I speak with Oleg Shpudeiko about his sonic memories of his home in Ukraine, his return post invasion, and processing it all on new album “Kyiv Eternal”.

On 24 February, 2022, as russia launched its full-scale invasion of Ukraine, Oleg Shpudeiko, aka the musician Heinali, left his hometown of Kyiv in order to escort his mother and his girlfriend’s mother to safety. He managed to get them to Budapest, returning to his homeland the following month. With Kyiv under heavy siege, he stayed in the city of Lviv in Ukraine’s west. There, he and a number of other musicians began live-streaming fundraising concerts from a bomb shelter; his contribution made use of his ongoing project Organa, a re-configuration of liturgical music for modular synth and non-classical vocalists. One of the performances was released as the album Live From A Bomb Shelter in Ukraine by Injazero Records.

In April, after the Battle Of Kyiv had ended, Shpudeiko was able to return to his home city by train.
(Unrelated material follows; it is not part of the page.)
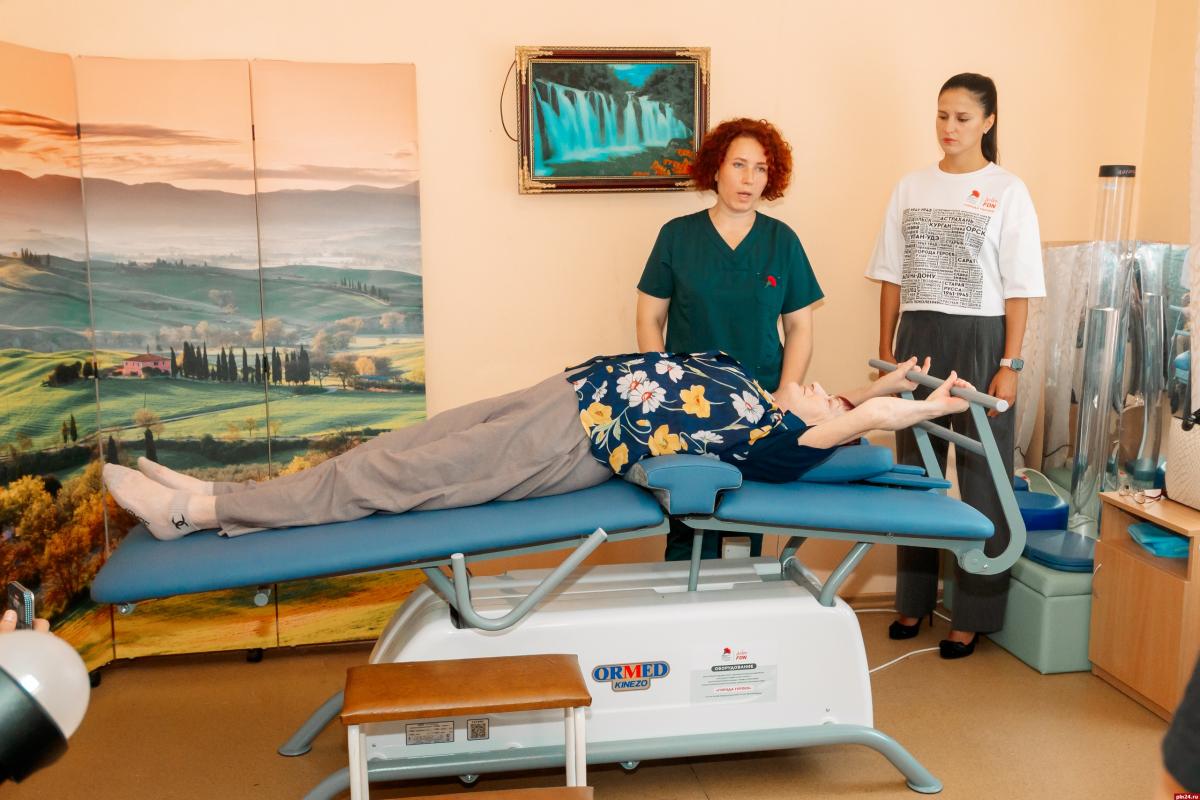 Социальное учреждение в Великих Луках оснастили новым медицинским оборудованием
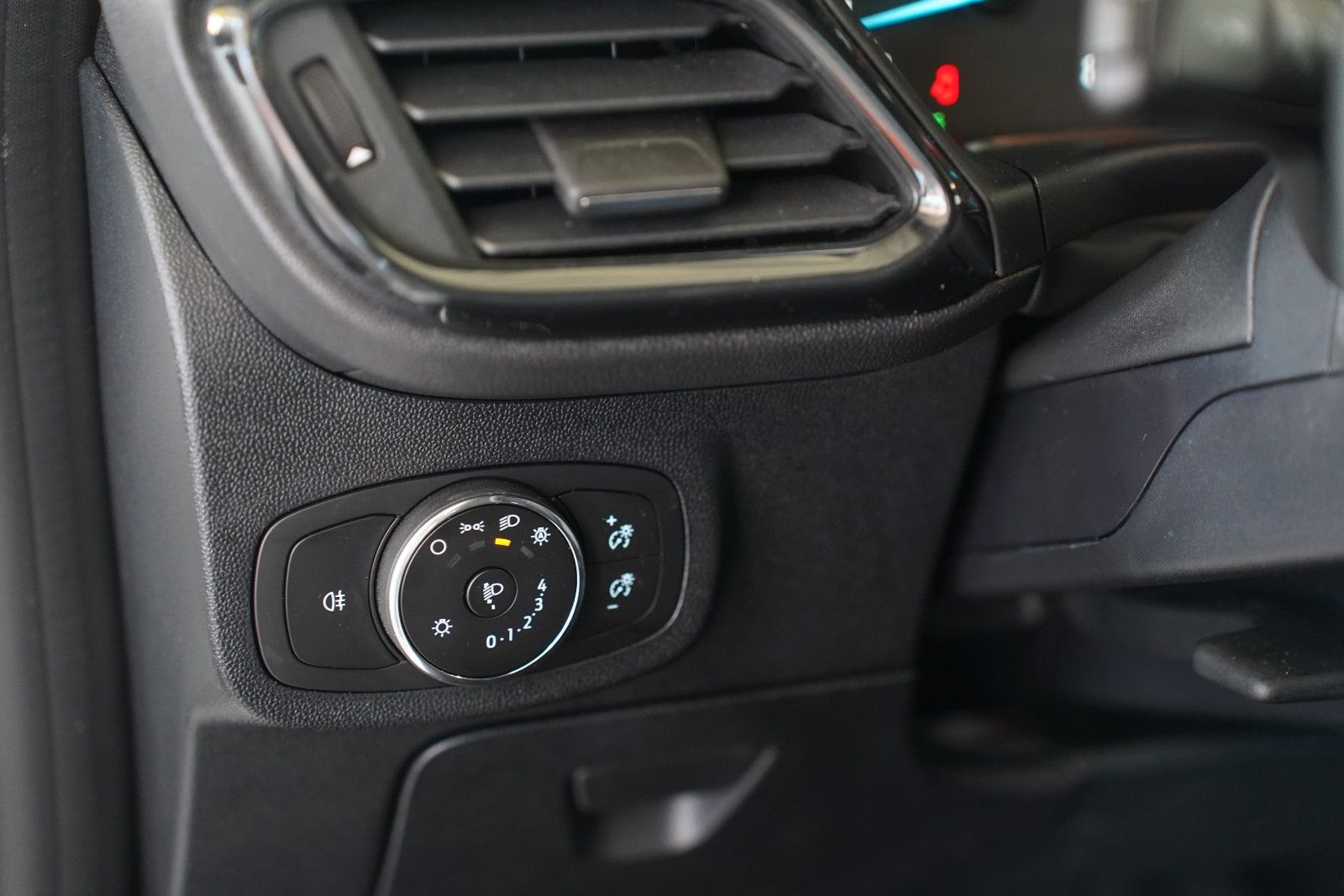 Fahrzeugabbildung Ford Fiesta ST-Line Hybrid*WINTER-P*LED*ASSISTENZ-SYS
he started to imagine what shape his work would take in a post-war city. “I wanted to reflect on a feeling of hugging the city,” he says. “I saw many monuments protected with sandbags, looking like they were being embraced. It was like I wanted somehow to protect [the city]. To try and embrace it, even though you can’t because you’re a tiny human. I wondered if there was something I could do about this feeling with music.”